[WHAT YOU WILL DO] Return, exactly as written, the line containing "Knit Top with Elastic Sleeve" and every line after it to the end of the records below, with no pictures.

[TASK INPUTS]
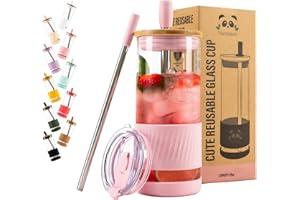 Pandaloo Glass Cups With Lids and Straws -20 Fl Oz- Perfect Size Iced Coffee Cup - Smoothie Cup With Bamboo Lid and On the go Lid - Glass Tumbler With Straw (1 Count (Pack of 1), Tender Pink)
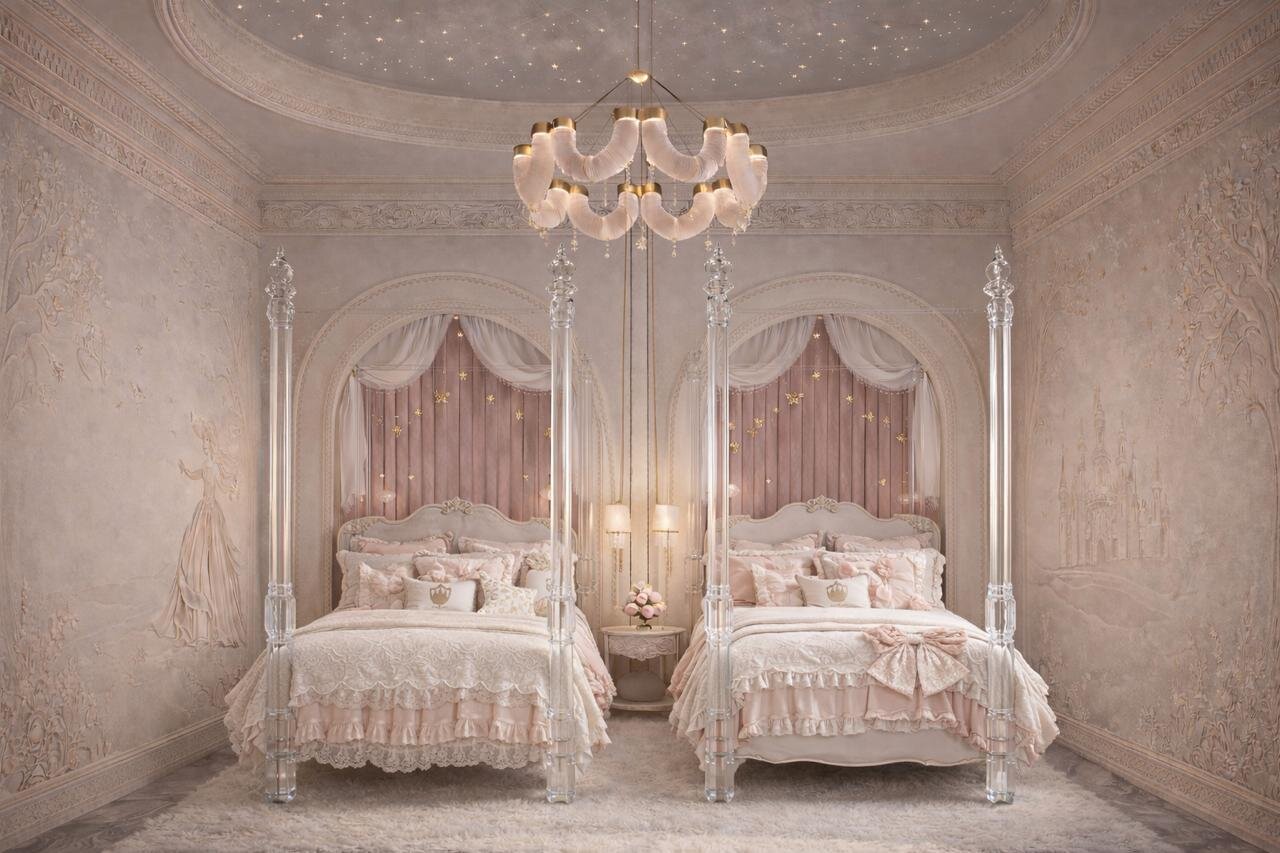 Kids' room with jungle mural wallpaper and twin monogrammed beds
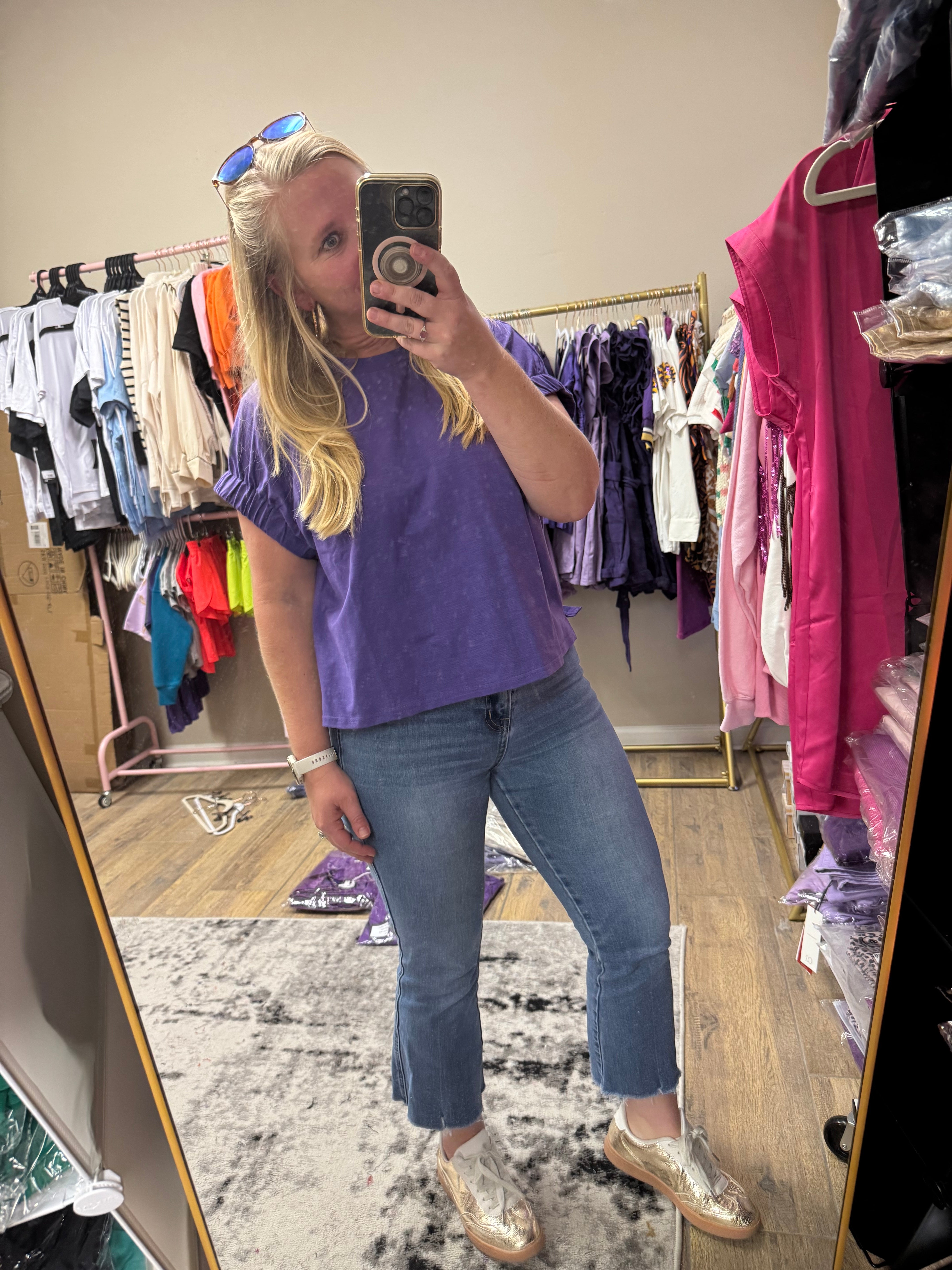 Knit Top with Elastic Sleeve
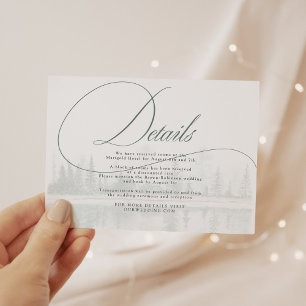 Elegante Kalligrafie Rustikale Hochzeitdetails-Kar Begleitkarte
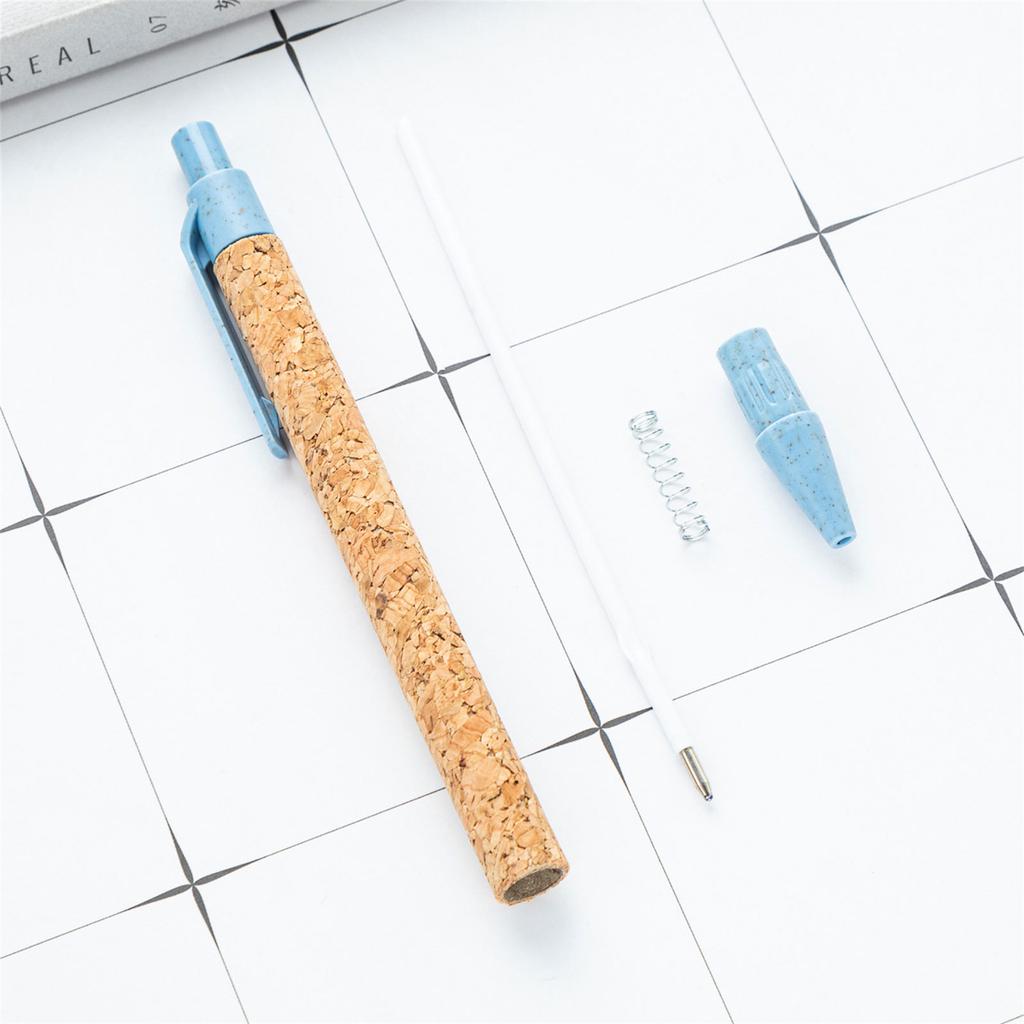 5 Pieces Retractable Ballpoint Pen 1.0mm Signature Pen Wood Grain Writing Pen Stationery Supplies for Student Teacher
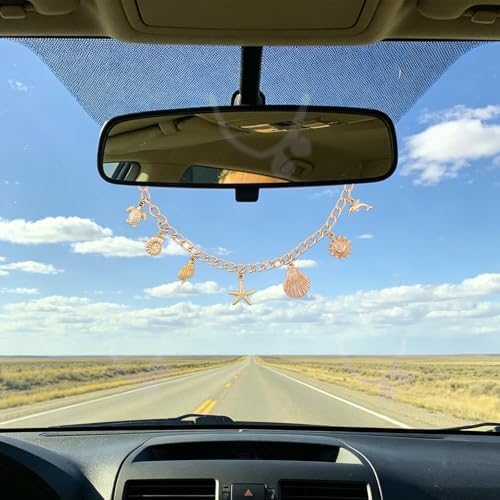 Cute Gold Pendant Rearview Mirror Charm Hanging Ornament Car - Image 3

[RESULT FOR THIS TASK]
 Knit Top with Elastic Sleeve
 Elegante Kalligrafie Rustikale Hochzeitdetails-Kar Begleitkarte
 5 Pieces Retractable Ballpoint Pen 1.0mm Signature Pen Wood Grain Writing Pen Stationery Supplies for Student Teacher
 Cute Gold Pendant Rearview Mirror Charm Hanging Ornament Car - Image 3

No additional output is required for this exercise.